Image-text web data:
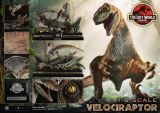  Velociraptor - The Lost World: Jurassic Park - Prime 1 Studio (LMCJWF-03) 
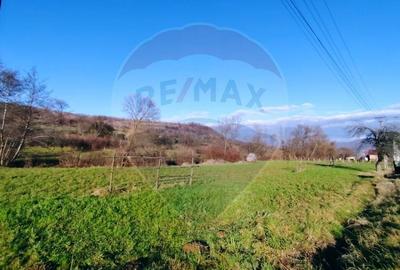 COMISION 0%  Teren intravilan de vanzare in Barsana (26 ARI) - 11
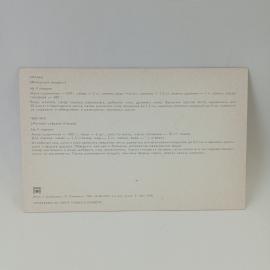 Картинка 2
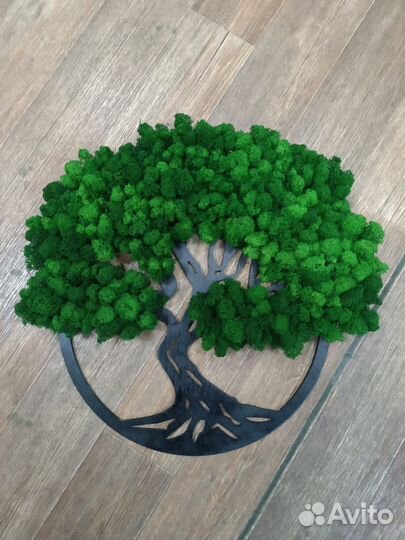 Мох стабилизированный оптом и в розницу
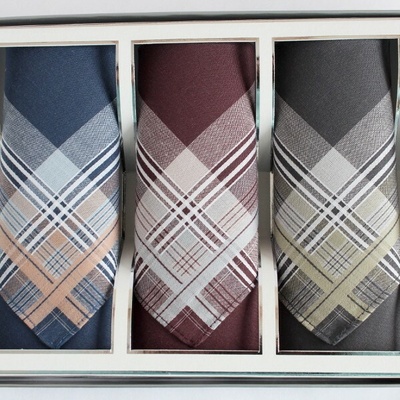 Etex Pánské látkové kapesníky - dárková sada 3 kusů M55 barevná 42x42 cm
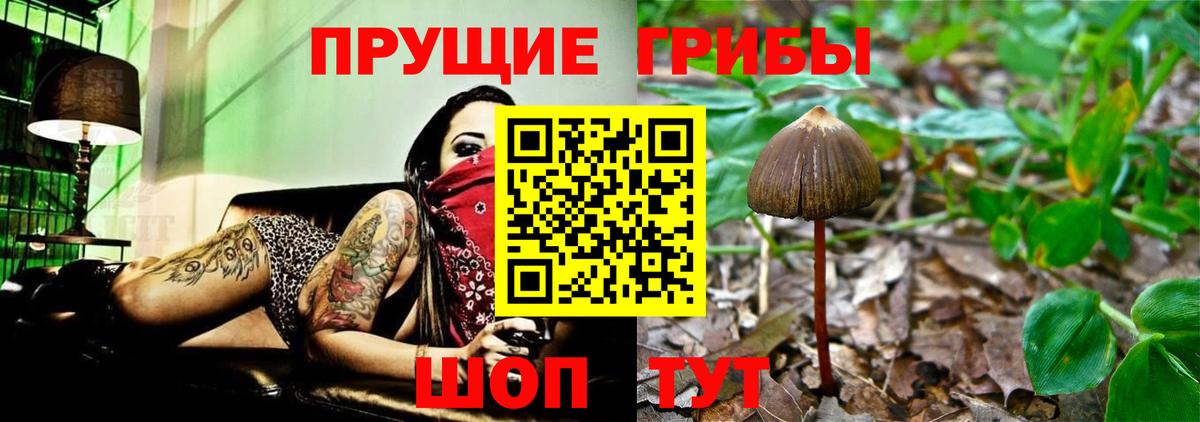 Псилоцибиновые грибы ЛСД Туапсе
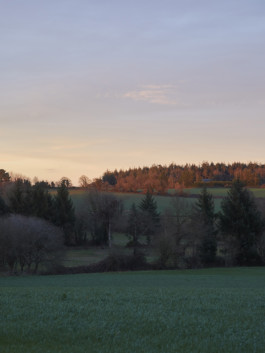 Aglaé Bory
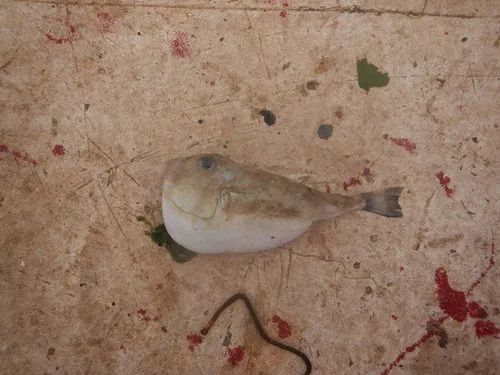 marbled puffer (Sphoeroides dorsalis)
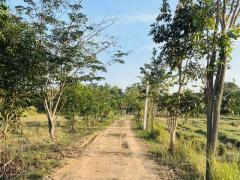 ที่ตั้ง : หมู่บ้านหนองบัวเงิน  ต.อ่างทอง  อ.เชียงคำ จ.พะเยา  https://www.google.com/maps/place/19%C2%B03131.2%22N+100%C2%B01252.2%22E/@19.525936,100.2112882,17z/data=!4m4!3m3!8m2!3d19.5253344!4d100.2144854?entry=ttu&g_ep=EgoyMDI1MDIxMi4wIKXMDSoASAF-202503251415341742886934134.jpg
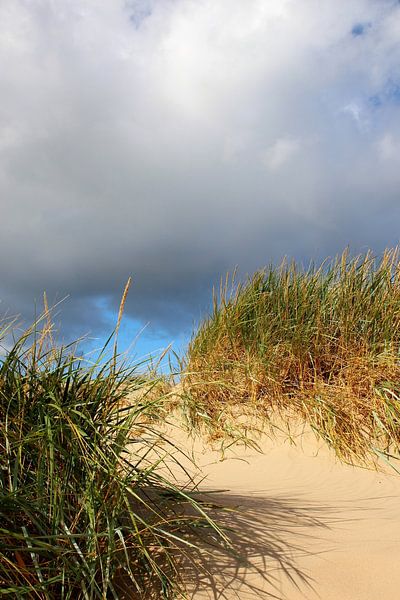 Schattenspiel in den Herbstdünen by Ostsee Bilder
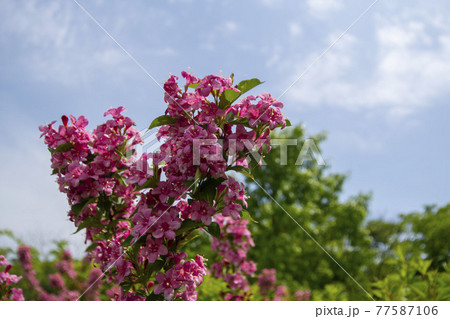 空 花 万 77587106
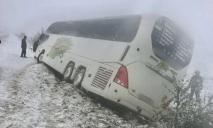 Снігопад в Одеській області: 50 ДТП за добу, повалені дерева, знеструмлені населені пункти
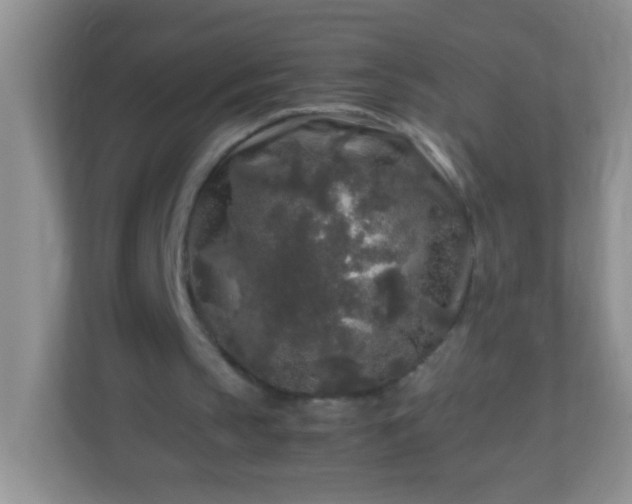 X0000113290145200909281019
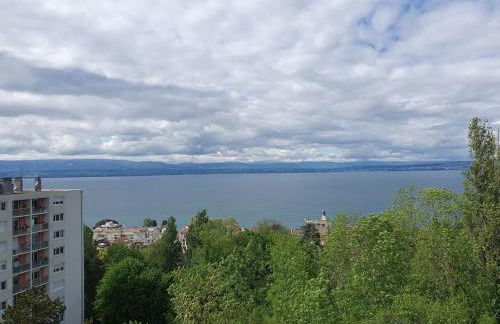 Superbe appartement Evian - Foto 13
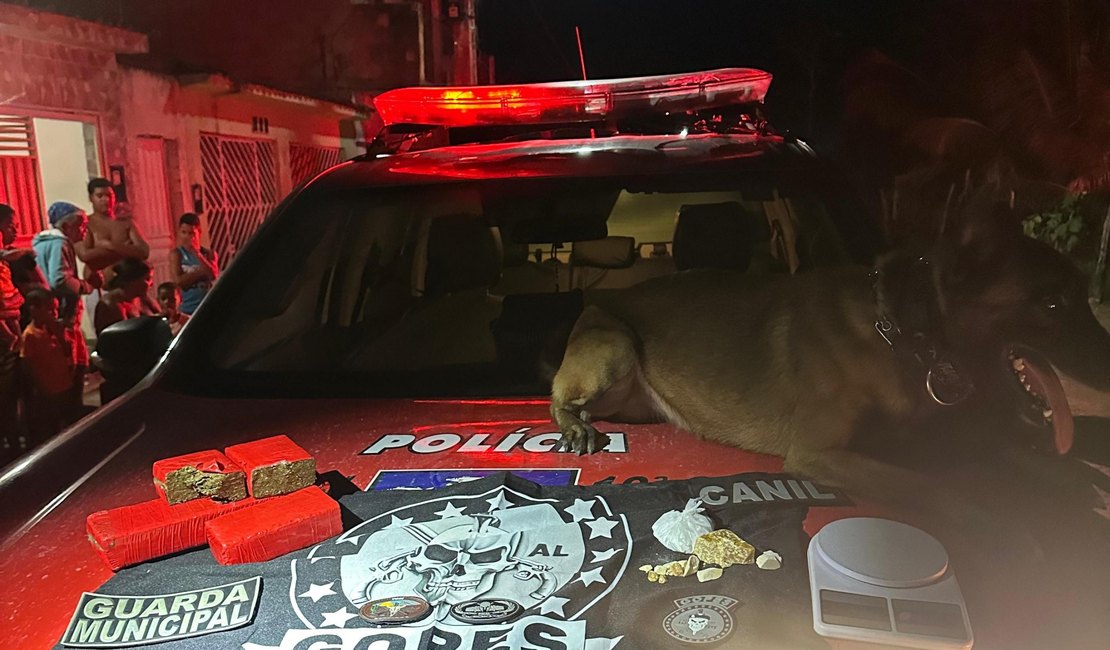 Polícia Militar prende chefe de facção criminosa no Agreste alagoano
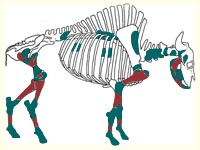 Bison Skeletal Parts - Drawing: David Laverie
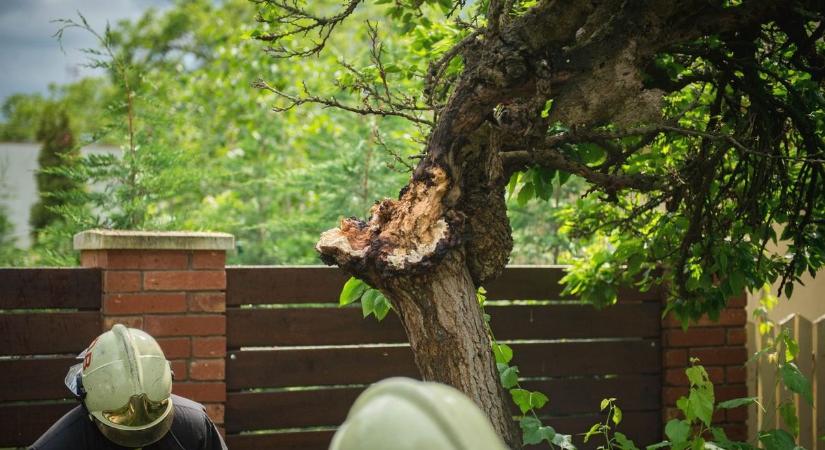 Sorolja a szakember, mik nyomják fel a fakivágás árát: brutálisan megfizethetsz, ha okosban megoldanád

...

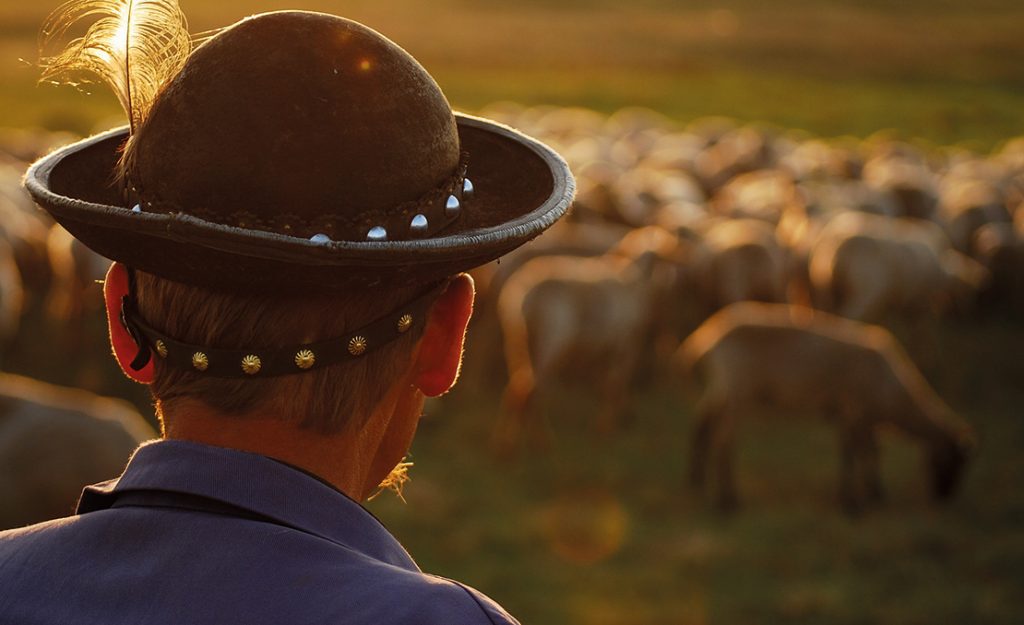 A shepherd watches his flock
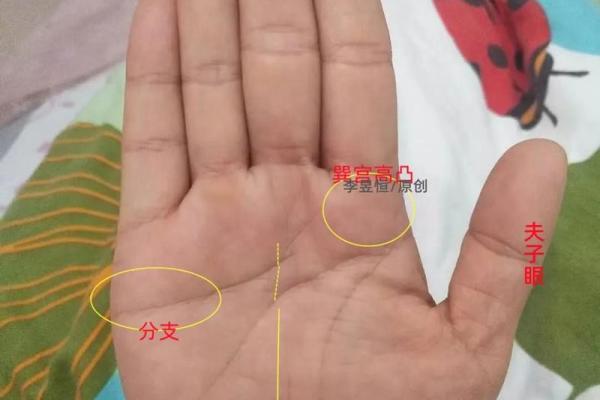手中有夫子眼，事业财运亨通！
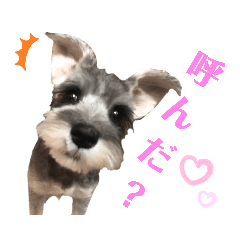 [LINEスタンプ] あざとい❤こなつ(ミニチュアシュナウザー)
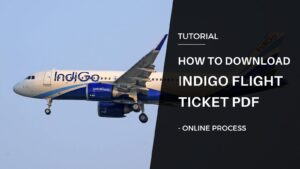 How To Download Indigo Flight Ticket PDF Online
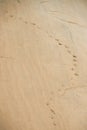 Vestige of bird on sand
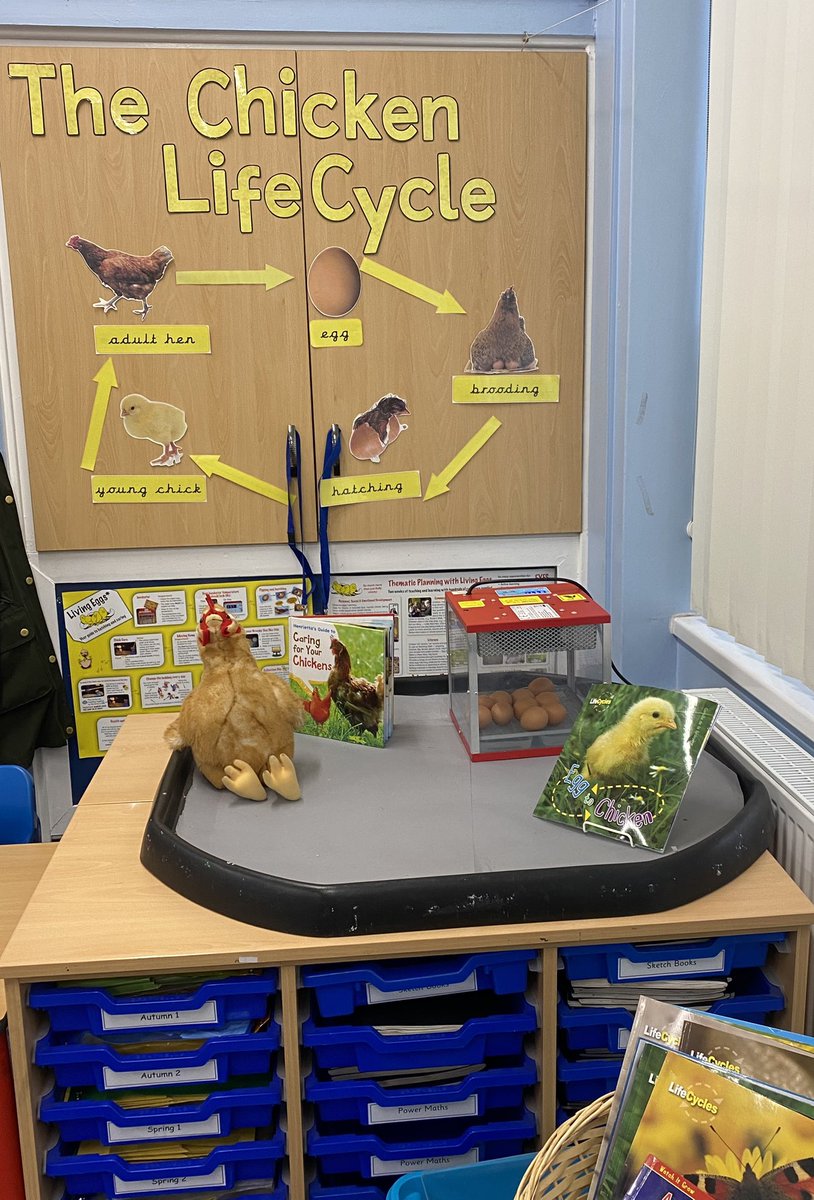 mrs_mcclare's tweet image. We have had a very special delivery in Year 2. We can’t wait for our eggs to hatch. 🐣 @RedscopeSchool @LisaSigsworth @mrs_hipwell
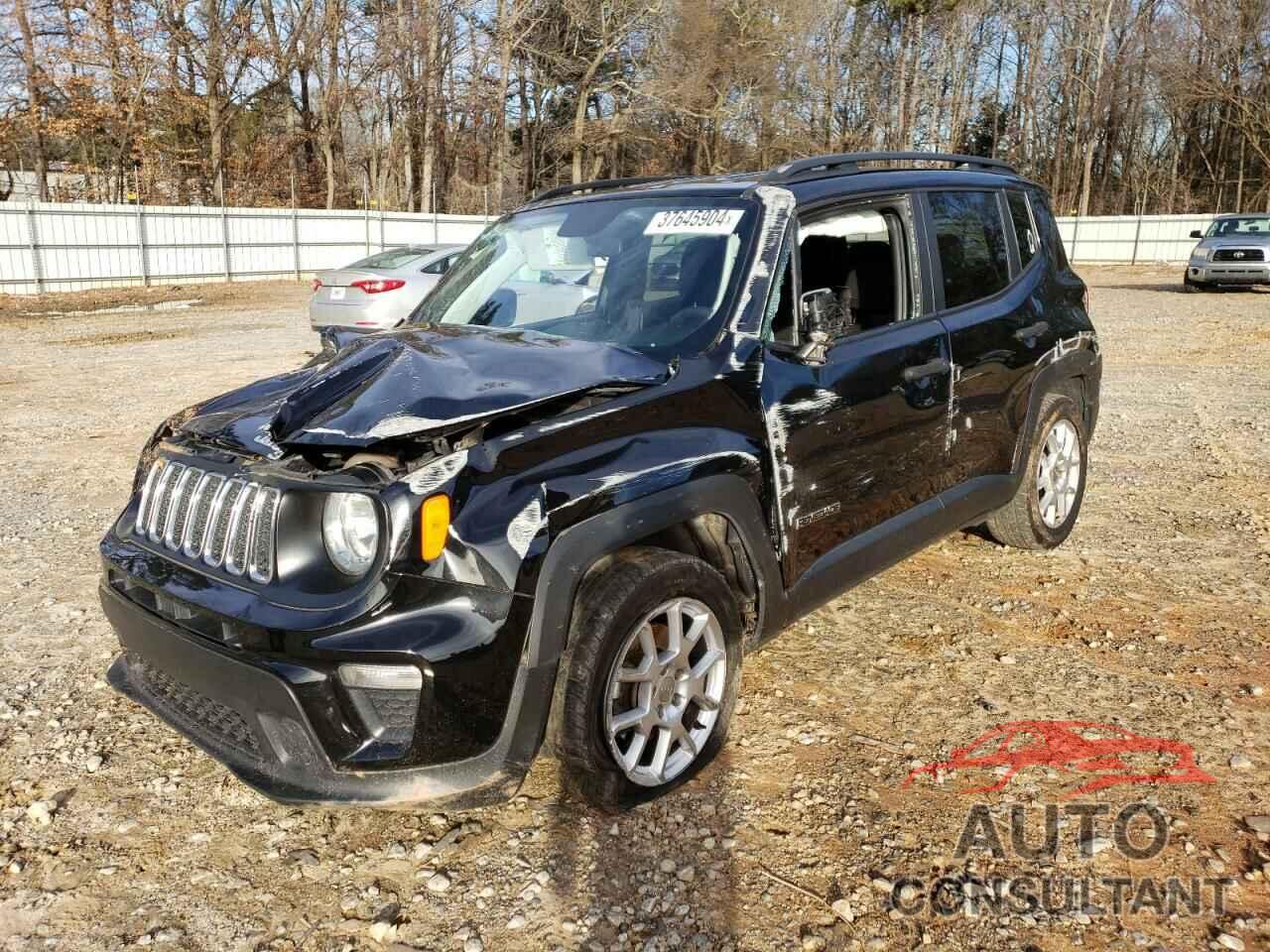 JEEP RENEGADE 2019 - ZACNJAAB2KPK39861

__What to work on__
To complete this exercise, transcribe exactly the lines above from the one that holds "mrs_mcclare's tweet image." through the one that holds "JEEP RENEGADE 2019 - ZACNJAAB2KPK39861". Pictures stay out.

__Completed task__
 mrs_mcclare's tweet image. We have had a very special delivery in Year 2. We can’t wait for our eggs to hatch. 🐣 @RedscopeSchool @LisaSigsworth @mrs_hipwell
 JEEP RENEGADE 2019 - ZACNJAAB2KPK39861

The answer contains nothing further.